During the May 27 meeting, District 1 councillor James Goyetche recalled that during the municipality’s electoral boundary review process in 2015, feedback at public meetings was clearly in favour of a mayoralty.
As a result of that support, on February 1, 2016, councillors voted 4-3 in favour of discarding the system of selecting a warden from within council ranks to allowing Richmond County residents to select a mayor-at-large. However, provincial officials confirmed the following day that the municipality missed a January 15 deadline to apply for such a shift in council’s governance model.
On May 27, Goyetche disagreed with MacLean over the small size of opinions gathered last year, arguing that public opinion firms frequently take a random sample of the overall population. But from what he’s seen, a majority of Richmond County residents want a mayoral system.

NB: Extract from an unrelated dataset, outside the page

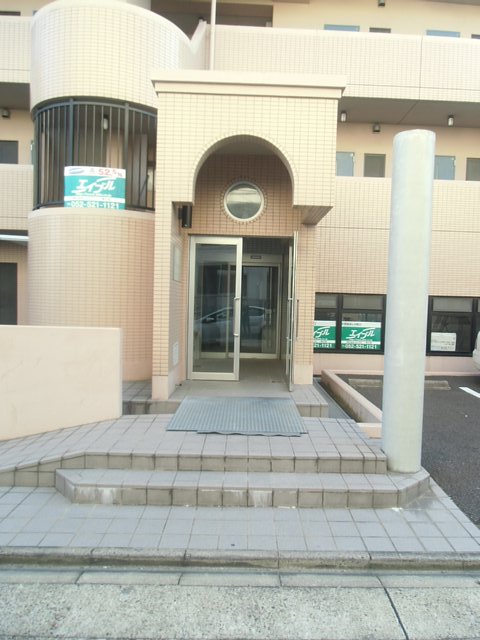 23/28 エントランス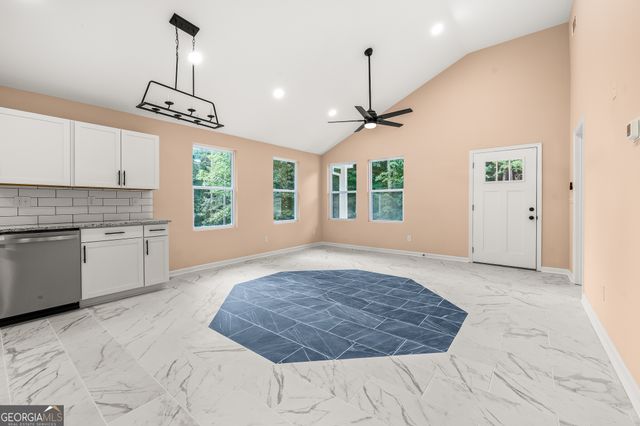 596 Watson Street, Toccoa, GA 30577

District 4 councillor Gilbert Boucher supports a plebiscite, reasoning it would provide a more accurate count since not enough people have registered their opinions.
Deputy Warden Alvin Martell said he agrees with MacLean that public forums are necessary to truly know what taxpayers want but he later noted that under Section 15 of the Municipal Government Act, mayors have no more authority than wardens.
Warden Brian Marchand said he is concerned about the extra costs in having a mayor. With the one-time costs, he noted that the extra expense of a mayor goes up to $40,000 in the first year. The warden also pointed out that having an even number can lead to tie votes.
When the results of the strategic plan’s survey were first discussed in January, Marchand said a small number of residents gave their opinion, and he felt the public did not have sufficient information to make an informed decision.
After discussing how to reach out to the public to provide them with the resources they need to make fully informed decisions, on May 27, the warden recommended posting information on the municipal Web site, he promised to have more discussions with council, and he asked staff to plan the public consultation process.
Given the clear public support expressed in the survey, and despite the fact the municipality tried unsuccessfully in 2016 to convert to a mayoralty, among other reasons, this paper has taken the position that converting to a mayor-at-large would be in the best interests of Richmond County. But this issue will ultimately be decided by the people and their representatives, and that is how it should be.
What is most encouraging is that despite the varied opinions, the debate has remained civil in tone; those disagreeing are doing so respectfully, no one is trying to shut-down or dominate the discussion, and overall, the debate has been a productive exchange of opinions, ideas and information.
If this spirit of healthy discourse can continue during the public consultation process and into council’s final vote, it will have created the environment to reach a reasoned conclusion.
Then the final decision will be a true reflection of public will and one that everyone can live with.